Task requirements: Your answer is a copy of every line in the records where "maison" appears.

Study material:
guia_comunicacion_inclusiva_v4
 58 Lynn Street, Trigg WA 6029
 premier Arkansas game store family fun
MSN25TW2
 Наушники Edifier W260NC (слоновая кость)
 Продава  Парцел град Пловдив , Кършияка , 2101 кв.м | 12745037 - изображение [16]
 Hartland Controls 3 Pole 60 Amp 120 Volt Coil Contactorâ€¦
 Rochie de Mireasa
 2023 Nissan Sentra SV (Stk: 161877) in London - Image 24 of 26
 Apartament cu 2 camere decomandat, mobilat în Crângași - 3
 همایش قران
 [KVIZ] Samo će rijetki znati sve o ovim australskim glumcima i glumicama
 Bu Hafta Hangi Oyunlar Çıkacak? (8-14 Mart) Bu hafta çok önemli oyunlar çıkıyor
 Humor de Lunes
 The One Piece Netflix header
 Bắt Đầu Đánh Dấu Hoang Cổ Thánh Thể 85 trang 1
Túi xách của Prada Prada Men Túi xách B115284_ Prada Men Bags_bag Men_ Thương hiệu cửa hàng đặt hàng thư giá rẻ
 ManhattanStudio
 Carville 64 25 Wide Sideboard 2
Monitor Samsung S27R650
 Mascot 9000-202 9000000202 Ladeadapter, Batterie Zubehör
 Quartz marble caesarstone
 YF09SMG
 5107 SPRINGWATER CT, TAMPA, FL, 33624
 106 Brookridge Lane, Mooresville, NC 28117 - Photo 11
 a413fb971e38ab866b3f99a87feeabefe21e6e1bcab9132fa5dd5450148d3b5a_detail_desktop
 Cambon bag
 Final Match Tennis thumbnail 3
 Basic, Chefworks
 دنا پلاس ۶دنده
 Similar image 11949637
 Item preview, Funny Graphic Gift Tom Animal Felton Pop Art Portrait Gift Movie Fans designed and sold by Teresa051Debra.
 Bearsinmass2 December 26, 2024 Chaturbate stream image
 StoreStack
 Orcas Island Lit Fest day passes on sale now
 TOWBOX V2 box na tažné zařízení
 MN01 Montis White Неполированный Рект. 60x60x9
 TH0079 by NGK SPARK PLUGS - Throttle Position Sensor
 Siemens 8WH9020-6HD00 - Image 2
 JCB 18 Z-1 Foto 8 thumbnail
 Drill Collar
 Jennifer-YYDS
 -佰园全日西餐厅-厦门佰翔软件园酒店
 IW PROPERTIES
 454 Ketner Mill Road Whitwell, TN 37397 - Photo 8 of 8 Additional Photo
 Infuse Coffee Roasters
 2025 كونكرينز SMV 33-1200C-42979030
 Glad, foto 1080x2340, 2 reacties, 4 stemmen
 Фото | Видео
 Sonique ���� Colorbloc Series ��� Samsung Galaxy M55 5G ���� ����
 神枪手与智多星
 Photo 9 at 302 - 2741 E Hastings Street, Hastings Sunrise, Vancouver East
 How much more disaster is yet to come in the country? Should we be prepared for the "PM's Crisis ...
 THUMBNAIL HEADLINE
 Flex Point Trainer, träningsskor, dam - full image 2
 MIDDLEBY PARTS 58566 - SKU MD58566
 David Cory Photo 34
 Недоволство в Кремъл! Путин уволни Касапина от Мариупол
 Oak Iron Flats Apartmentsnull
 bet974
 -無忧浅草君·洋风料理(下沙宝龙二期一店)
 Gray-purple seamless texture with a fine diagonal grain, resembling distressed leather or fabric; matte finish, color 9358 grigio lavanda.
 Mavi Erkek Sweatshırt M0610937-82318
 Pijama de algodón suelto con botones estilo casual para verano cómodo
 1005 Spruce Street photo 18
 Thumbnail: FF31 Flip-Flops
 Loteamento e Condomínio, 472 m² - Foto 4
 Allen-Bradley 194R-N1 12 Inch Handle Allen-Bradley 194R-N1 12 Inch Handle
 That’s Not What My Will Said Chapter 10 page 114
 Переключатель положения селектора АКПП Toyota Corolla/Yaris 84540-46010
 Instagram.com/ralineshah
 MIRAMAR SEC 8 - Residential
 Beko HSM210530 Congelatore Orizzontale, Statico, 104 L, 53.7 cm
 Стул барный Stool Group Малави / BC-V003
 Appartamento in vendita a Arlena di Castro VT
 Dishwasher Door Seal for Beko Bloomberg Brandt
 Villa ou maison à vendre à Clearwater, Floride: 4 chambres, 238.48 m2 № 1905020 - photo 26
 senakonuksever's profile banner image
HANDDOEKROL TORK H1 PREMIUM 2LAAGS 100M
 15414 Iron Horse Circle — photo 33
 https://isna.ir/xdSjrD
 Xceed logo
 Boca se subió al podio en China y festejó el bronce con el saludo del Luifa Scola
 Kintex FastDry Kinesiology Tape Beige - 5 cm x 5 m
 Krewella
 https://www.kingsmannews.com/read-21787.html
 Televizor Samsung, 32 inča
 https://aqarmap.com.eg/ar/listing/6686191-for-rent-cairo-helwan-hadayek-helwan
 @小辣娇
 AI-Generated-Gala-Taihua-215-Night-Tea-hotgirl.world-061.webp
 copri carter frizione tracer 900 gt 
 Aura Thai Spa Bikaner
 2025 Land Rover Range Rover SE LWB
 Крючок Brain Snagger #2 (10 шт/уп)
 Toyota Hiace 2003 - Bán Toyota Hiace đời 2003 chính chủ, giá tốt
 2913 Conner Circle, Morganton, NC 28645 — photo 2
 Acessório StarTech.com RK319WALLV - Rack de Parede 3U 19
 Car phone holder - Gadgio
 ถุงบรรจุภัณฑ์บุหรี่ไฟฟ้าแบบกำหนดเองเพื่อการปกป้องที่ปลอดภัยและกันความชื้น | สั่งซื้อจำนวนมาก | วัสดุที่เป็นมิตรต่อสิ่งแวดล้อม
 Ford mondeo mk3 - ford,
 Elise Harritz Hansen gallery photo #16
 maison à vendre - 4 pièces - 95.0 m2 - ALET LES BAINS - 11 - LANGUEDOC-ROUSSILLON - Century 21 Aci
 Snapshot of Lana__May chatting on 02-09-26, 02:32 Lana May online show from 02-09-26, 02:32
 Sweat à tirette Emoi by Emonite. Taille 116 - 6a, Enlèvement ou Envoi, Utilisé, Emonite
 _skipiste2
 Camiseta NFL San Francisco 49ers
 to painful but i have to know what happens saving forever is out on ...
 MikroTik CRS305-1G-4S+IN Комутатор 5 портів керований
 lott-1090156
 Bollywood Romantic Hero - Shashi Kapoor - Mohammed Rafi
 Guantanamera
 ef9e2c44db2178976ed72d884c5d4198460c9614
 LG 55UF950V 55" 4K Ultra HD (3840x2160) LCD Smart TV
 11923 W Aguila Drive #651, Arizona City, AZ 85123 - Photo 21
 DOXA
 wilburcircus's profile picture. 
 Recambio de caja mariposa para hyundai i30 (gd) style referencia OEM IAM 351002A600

Result of this task:
 Villa ou maison à vendre à Clearwater, Floride: 4 chambres, 238.48 m2 № 1905020 - photo 26
 maison à vendre - 4 pièces - 95.0 m2 - ALET LES BAINS - 11 - LANGUEDOC-ROUSSILLON - Century 21 Aci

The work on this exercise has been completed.